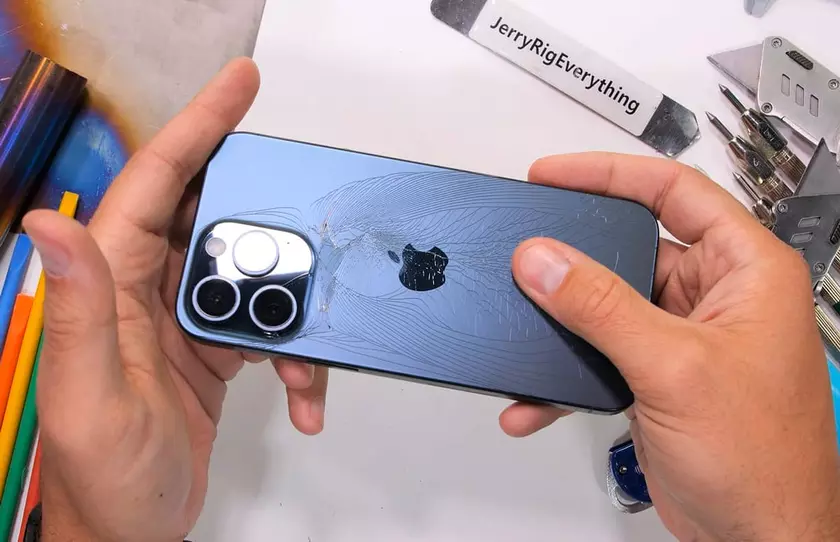 Титановый iPhone 15 Pro Max провалил тест на прочность (видео)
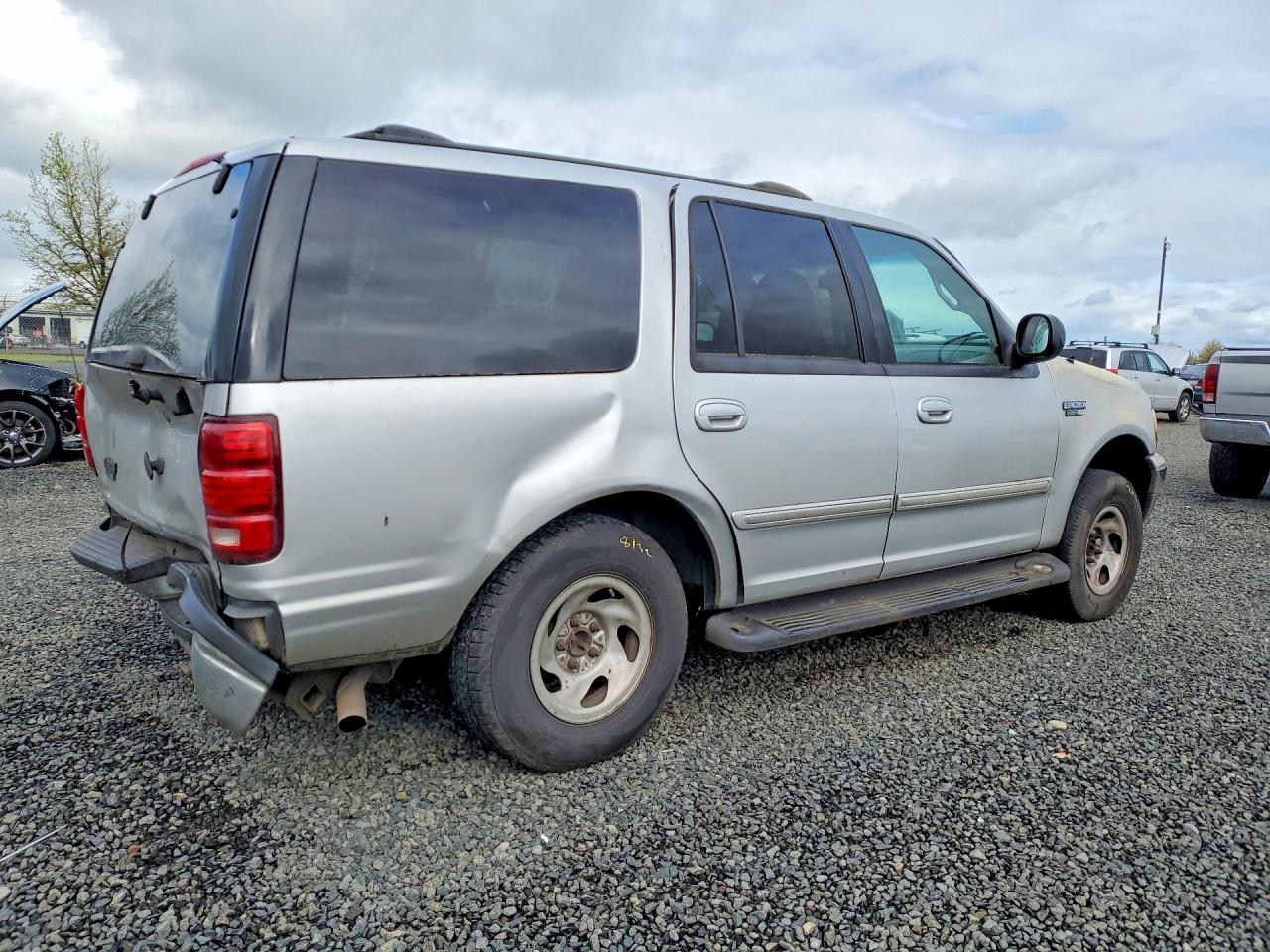 2002 FORD EXPEDITION XLT photo 7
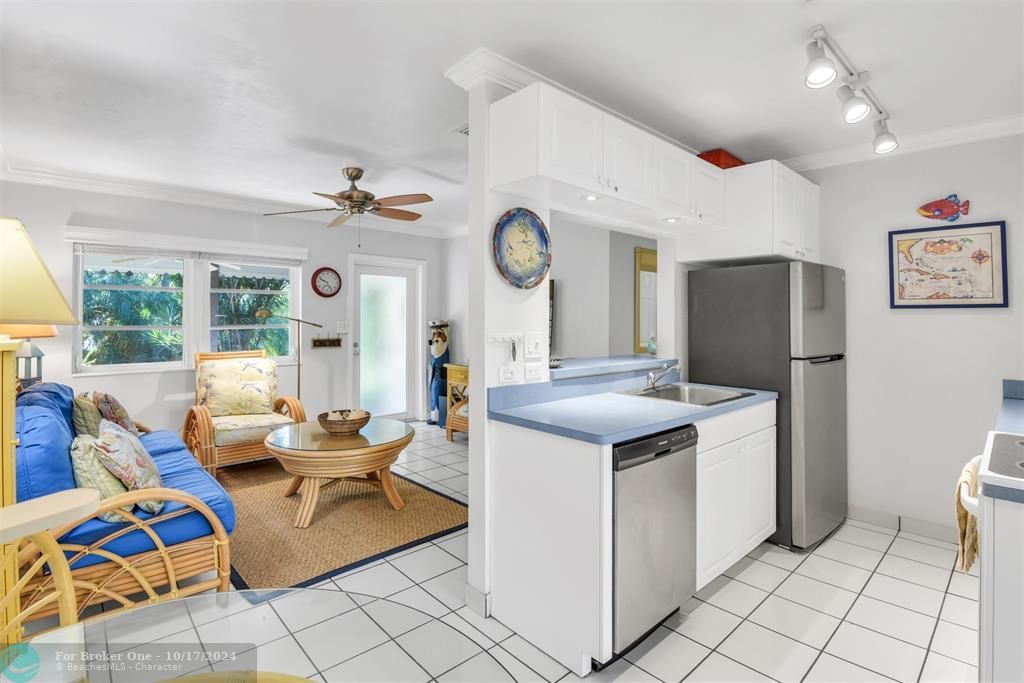 For Sale: $645,000 (1 beds, 1 baths, 657 Square Feet)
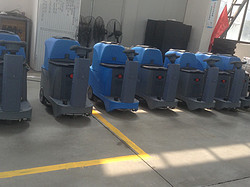 best quality factory wholesale price commercial use battery powered ride on compact size floor scrubber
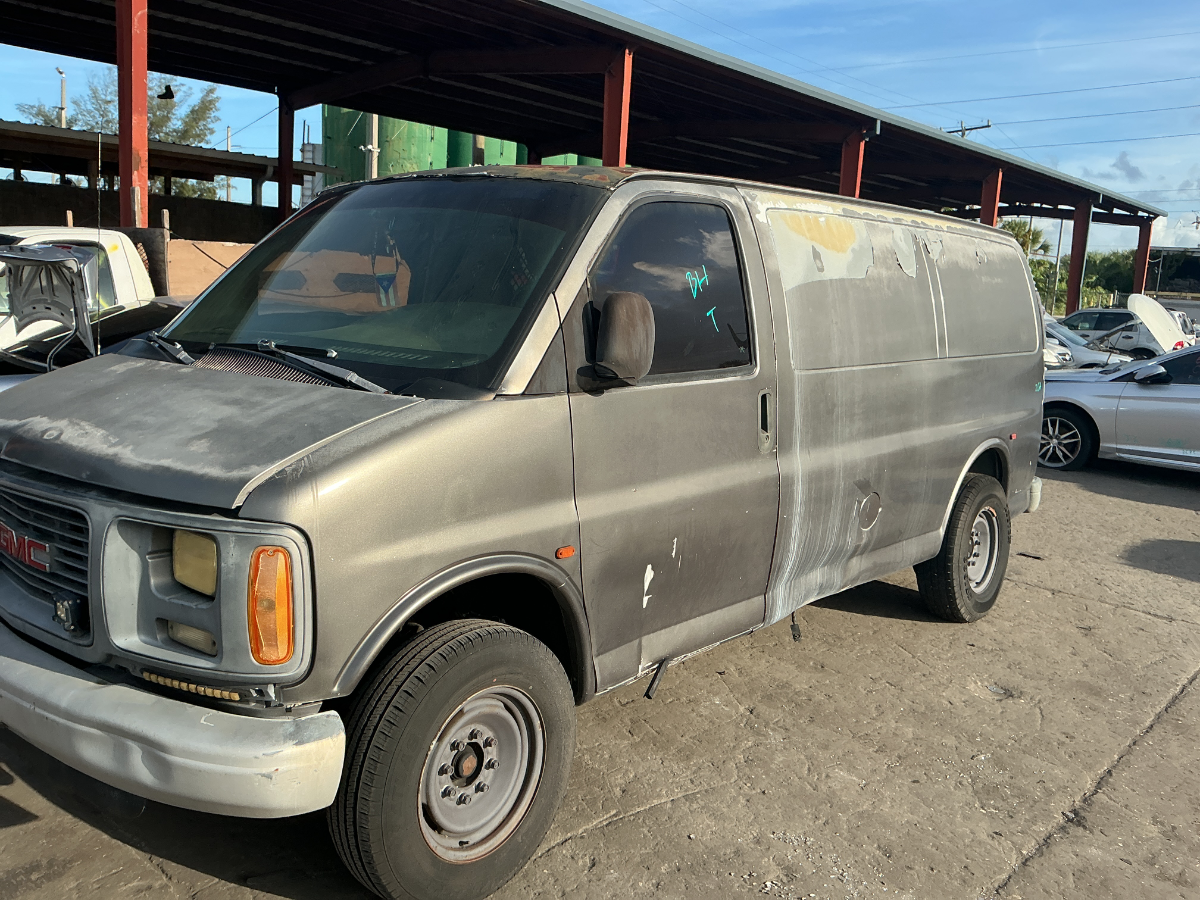 Photo of 2001 Gmc Savana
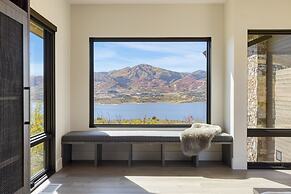 Reflection by Avantstay Sleeps 18 Lake Views Hot Tub Game Room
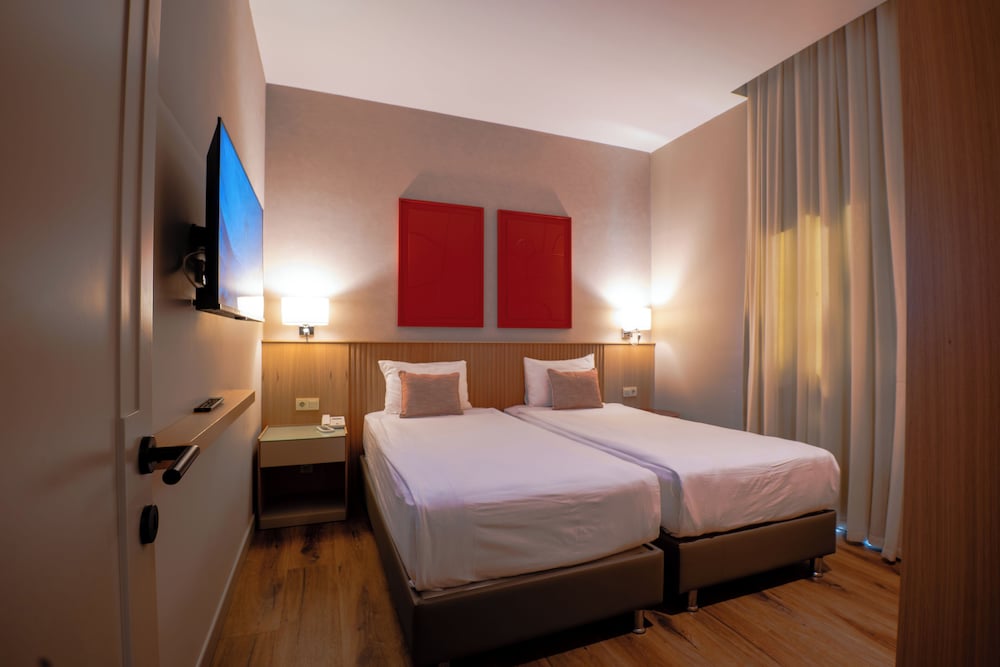 Trendy Lara Hotel — Hotel rooms in Belek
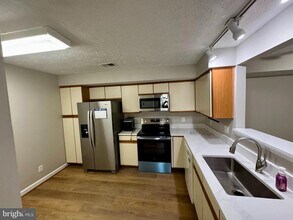 3804 Ridge Knoll Ct in Fairfax, VA - Building Photo - Building Photo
───
### Task item
All entries must come back exactly as written, though without their pictures.

### Task response
 Титановый iPhone 15 Pro Max провалил тест на прочность (видео)
 2002 FORD EXPEDITION XLT photo 7
 For Sale: $645,000 (1 beds, 1 baths, 657 Square Feet)
 best quality factory wholesale price commercial use battery powered ride on compact size floor scrubber
 Photo of 2001 Gmc Savana
 Reflection by Avantstay Sleeps 18 Lake Views Hot Tub Game Room
 Trendy Lara Hotel — Hotel rooms in Belek
 3804 Ridge Knoll Ct in Fairfax, VA - Building Photo - Building Photo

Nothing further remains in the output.